El Ratonero asintió mientras daban la vuelta y Ahura dijo:

—Por lo menos ahí no estaremos en mucha desventaja. ¡Por Ishtar! ¡La rima del Anciano es cierta! «Las cámaras son fauces babeantes, los arcos mandíbulas con dientes.» Siempre temí mucho este lugar, pero nunca pensé encontrar una madriguera laberíntica que sin duda tiene una mente pétrea y garras de piedra.

»Nunca me trajeron aquí, ¿sabéis?, y desde la noche en que salí de nuestra casa en el cuerpo de Anra, fui un cadáver viviente, que podían abandonar o llevarlo adonde ellos desearan. Creo que me habrían matado, por lo menos hubo un tiempo en que Anra lo habría hecho, pero era necesario que el cuerpo de mi hermano tuviera un ocupante... o mi propio cuerpo cuando él no lo habitaba, pues Anra podía entrar de nuevo en su propio cuerpo y caminar con él por esta región de Ahriman. En tales ocasiones, me mantenían narcotizada e impotente en la Ciudad Perdida.
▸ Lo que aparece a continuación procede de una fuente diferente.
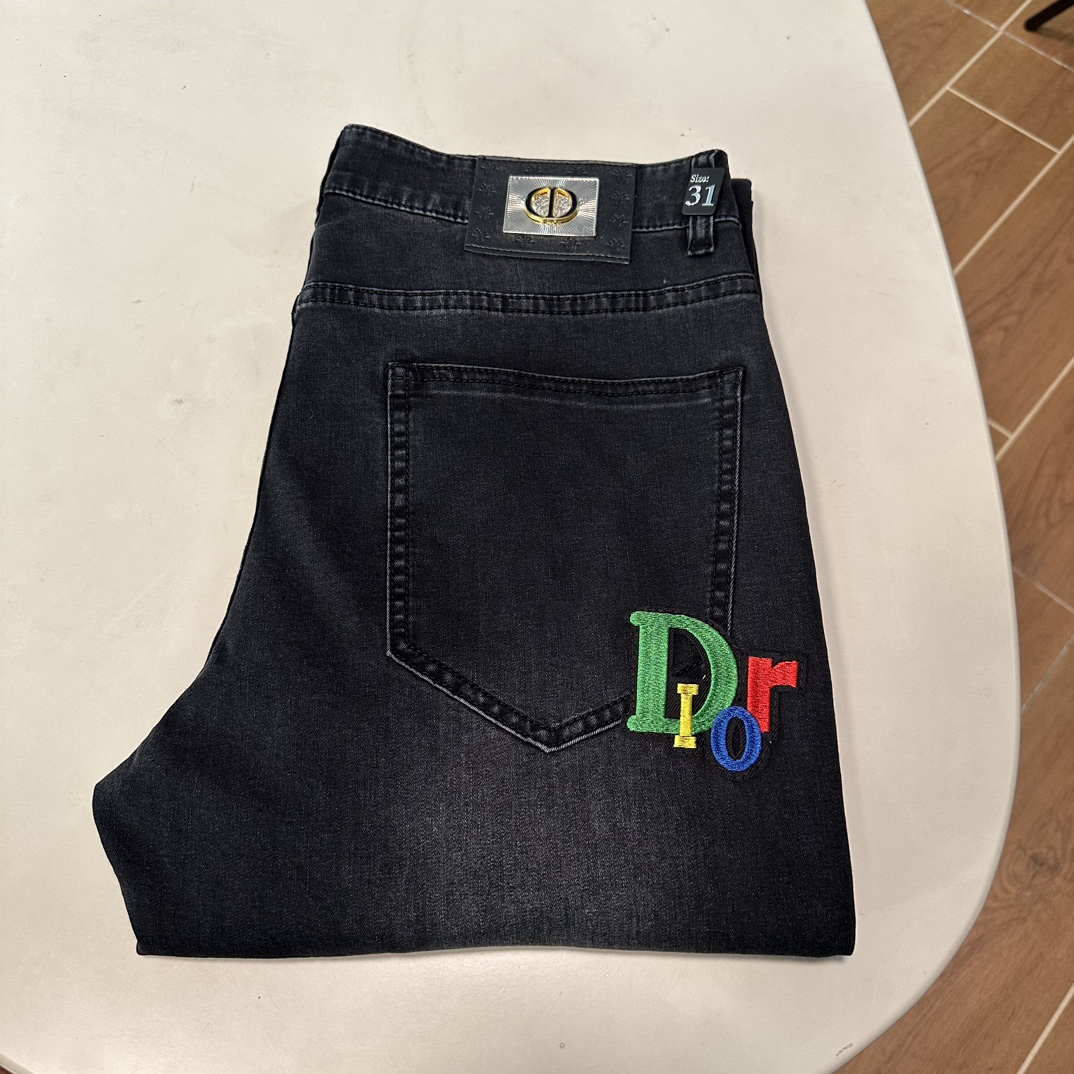 NO:145759,DIOR 2025 spring and summer new model is available in stock, original single hot jeans super customized model, original hardware, super heavy industry technology, excellent version, impeccable details!  The style is not picky, it is very high-end, and the good products are not waiting for everyone. If you like it, hurry up and start, size 29-42,,dior,dior,jeans,alexander wang19860909DIOR 迪奥 2025春夏新款现货上市,原单爆款牛仔裤超级定制款,原版五金,超级重工工艺,版型超赞细节做工无可挑剔！款式不挑人,特别高档,好货不等人,看中赶紧下手,尺码29-42,,dior,dior,jeans,alexander wang,Men's clothing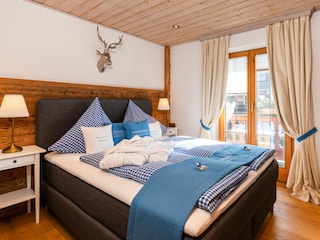 Schlafzimmer 1 mit bequemen Boxspringbett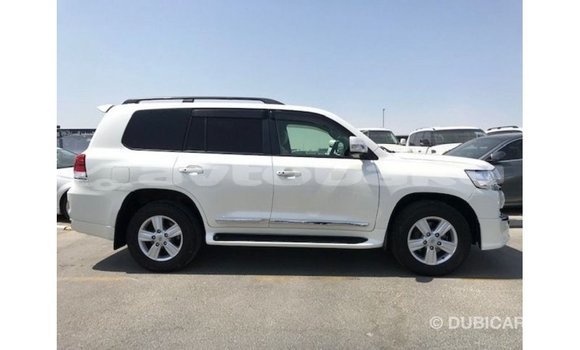 Buy Import Toyota Land Cruiser White Car in Import - Dubai in Abseron Buy Import Toyota Land Cruiser White Car in Import - Dubai in Abseron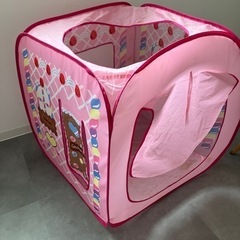 子供のおもちゃ　テント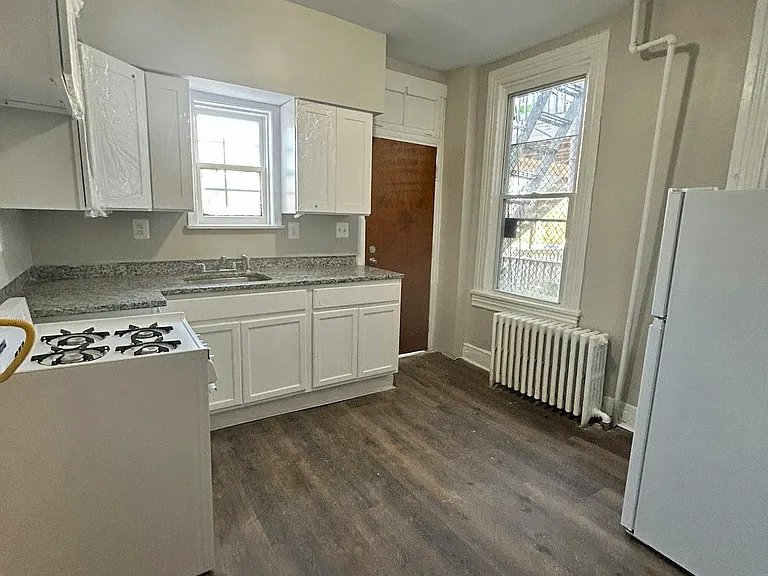 1708 Harlem Ave #2 — Photo 3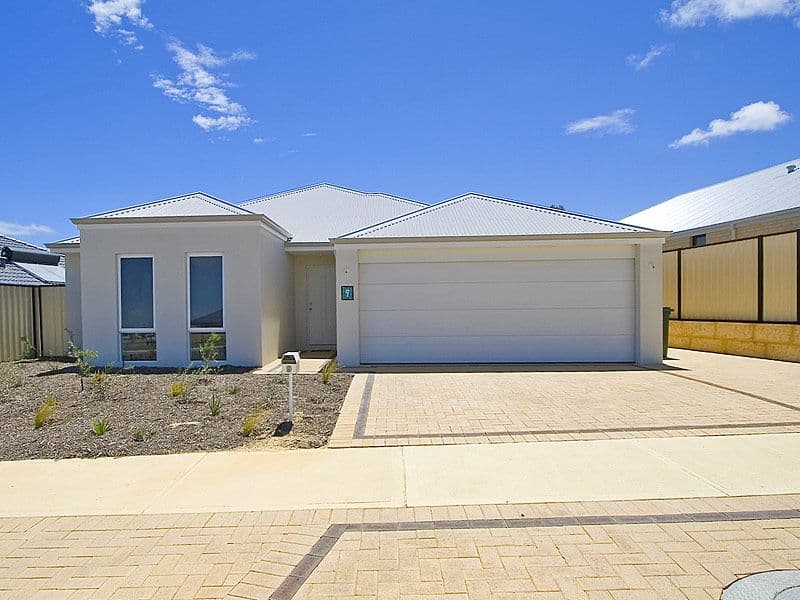 9 Lomita Link, CLARKSON WA 6030, Clarkson - Image 1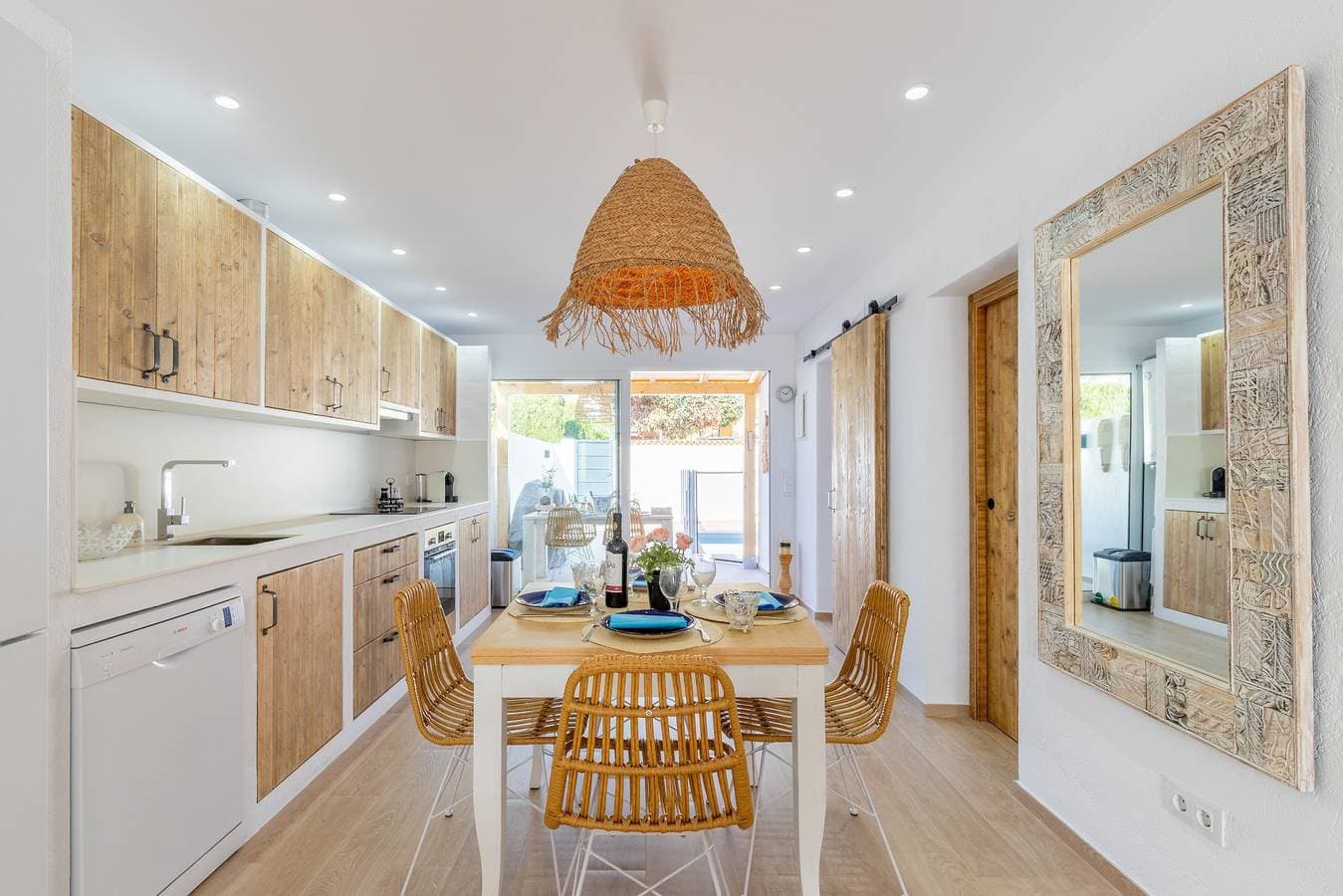 Foto 12 von 43: Ferienhaus "El Pinito Moraira" mit Privaten Terrassen, Privatem Pool und WLAN
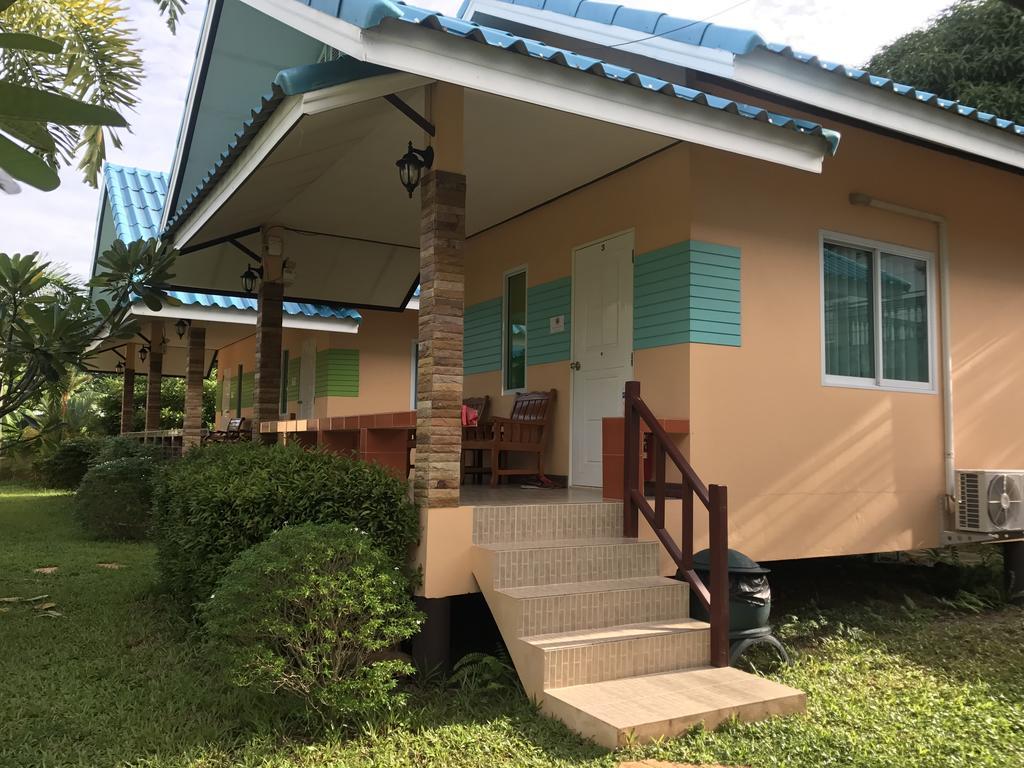 Sangtong Beach Resort Laem Sing Exterior foto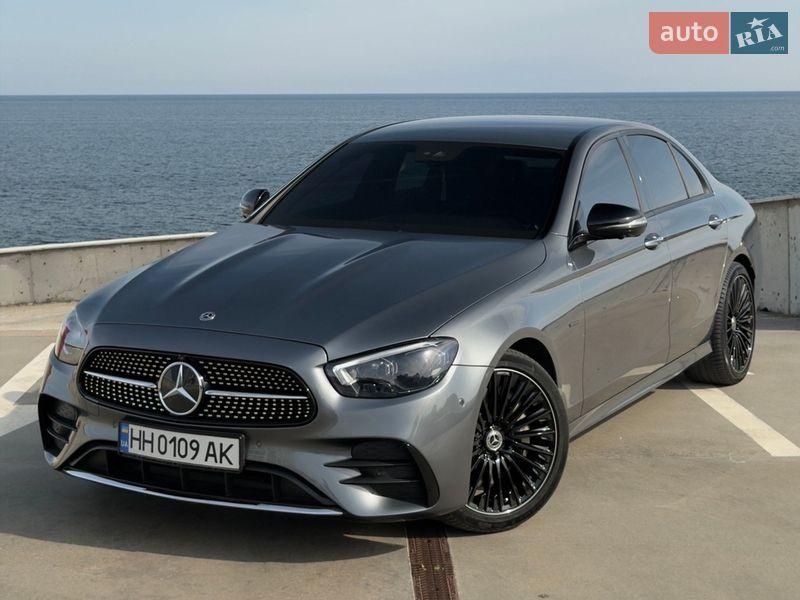 Mercedes-Benz E-Class 2021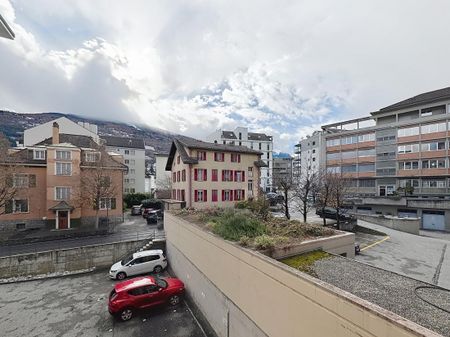 Sion, appartement de 3.5 pièces avec balcon et place de parc au centre-ville - Photo 4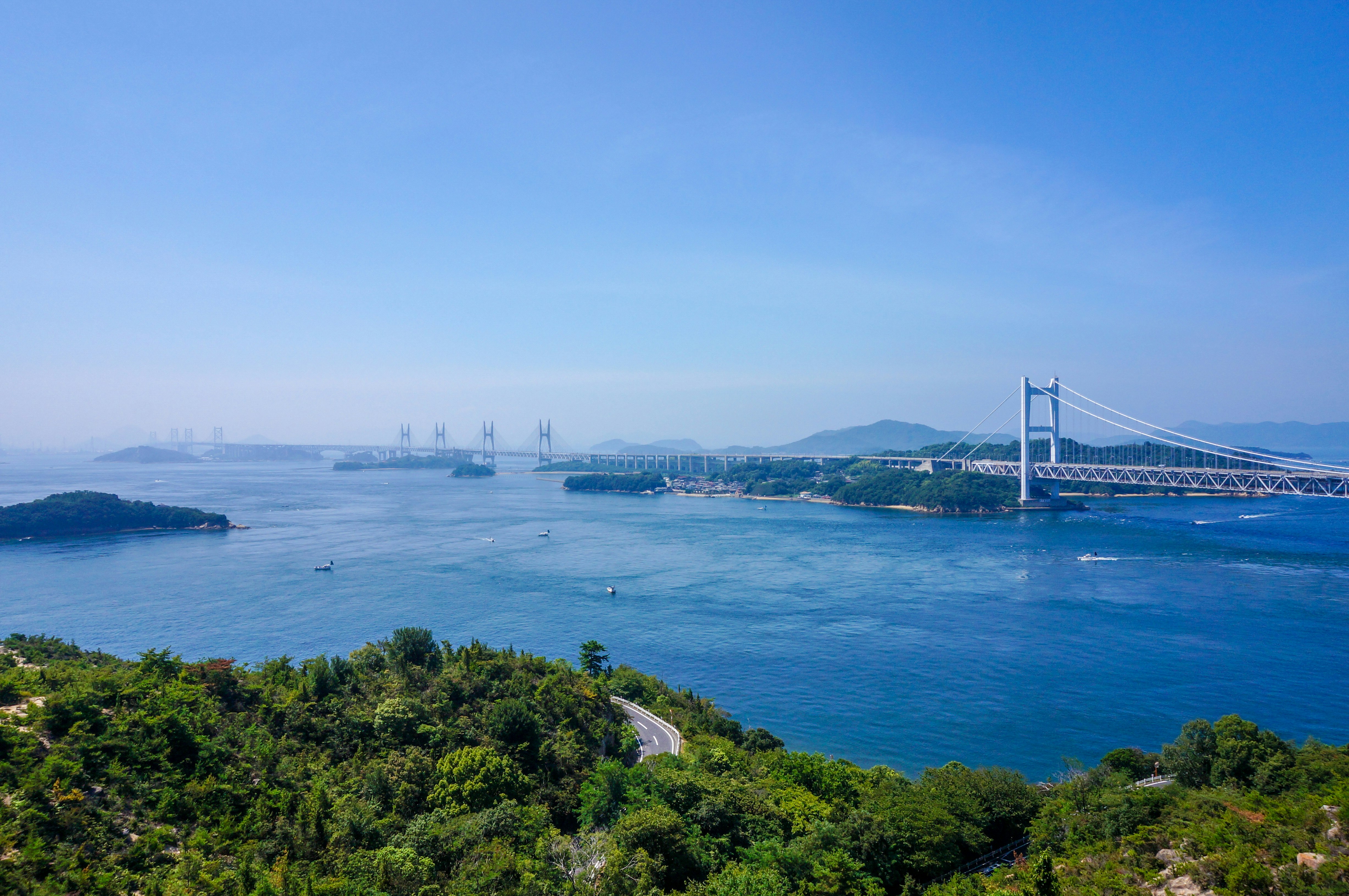 海岸远眺海峡与跨海大桥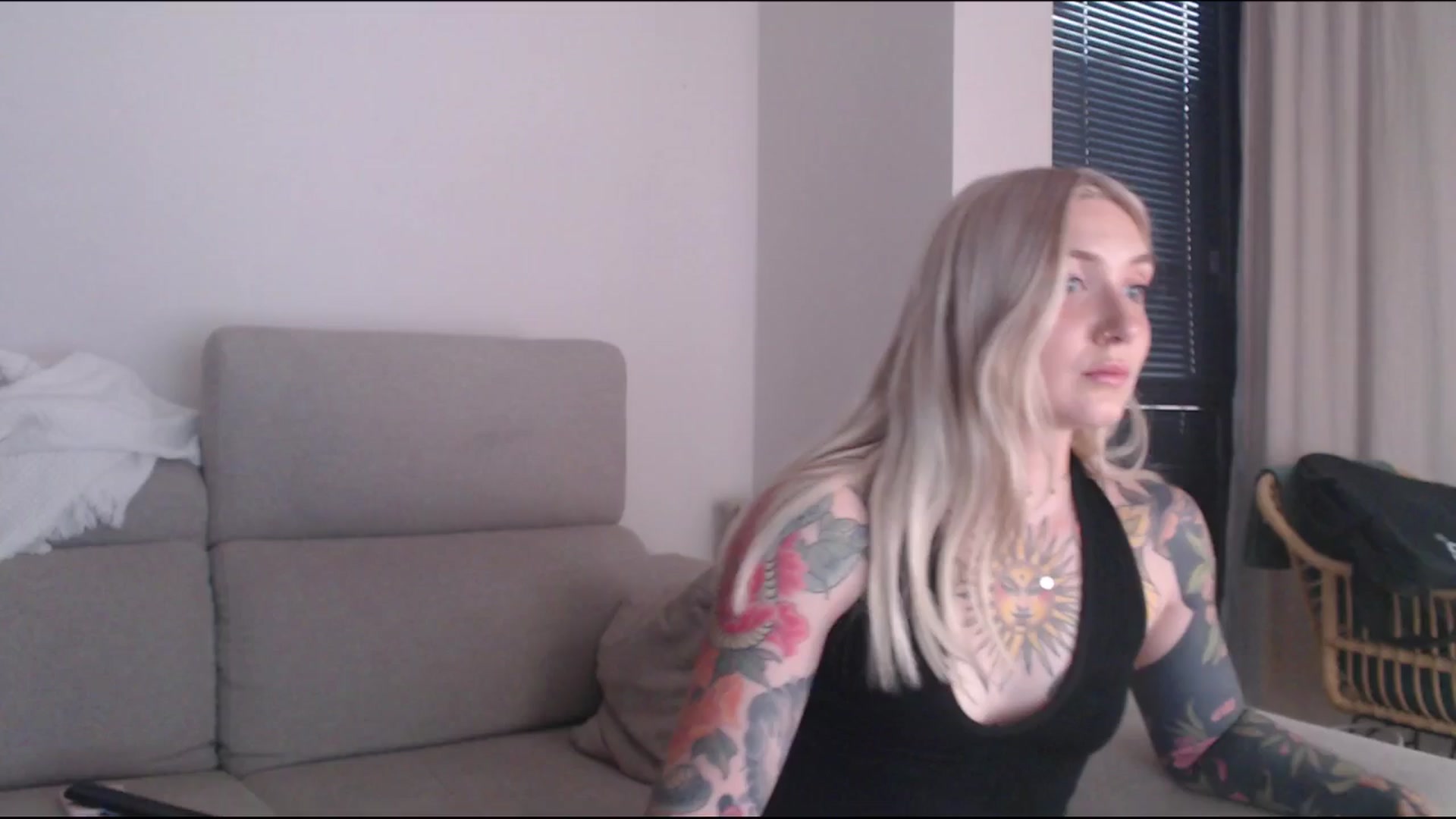 Gallery image thumbnail from Tattoo_bbgirl's myfreecams stream on, 06/28/2025, 19:56 image 19 of 20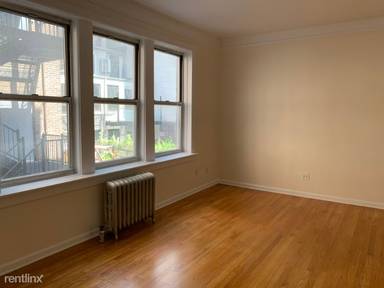 Main picture of 117 W 13th St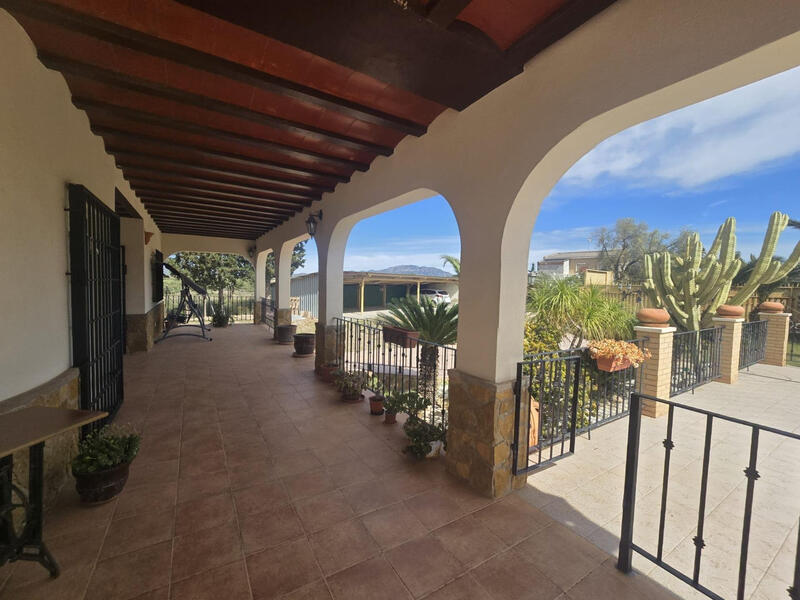 5 soveværelse Villa til salg 5 soveværelse Villa til salg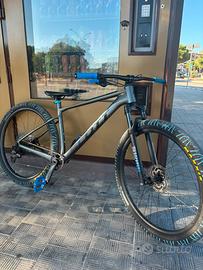 Bici scott scale 970 whellie bike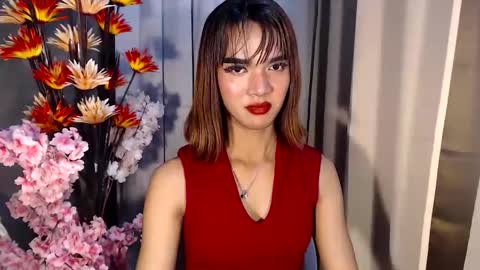 Snapshot of soffy_seductivexx chatting on March 6, 5:53 pm open for pvt online show from March 6, 5:53 pm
Creo que algo hicieron a su cuerpo en aquella época —el Anciano hablaba de transformarlo en invulnerable—,pues cuando regresé a él me parecía más vacío y rígido que antes.

Mientras descendían por la rampa, el Ratonero creyó oír algo más adelante, algo que destacaba en el silencio terrible, un tenue gemido o el silbido casi inaudible del viento.

—Llegué a conocer muy bien el cuerpo de mi hermano gemelo, pues lo habité casi siete años, en la tumba. En algún momento de aquel negro período, todo el miedo y el horror se desvanecieron... Me había habituado a la muerte. Por primera vez en mi vida mi voluntad, mi fría inteligencia, habían tenido tiempo de desarrollarse. Encadenada físicamente, viviendo casi sin sensaciones, logré un poder interno, empecé a ver lo que hasta entonces jamás había podido vislumbrar: las debilidades de Anra.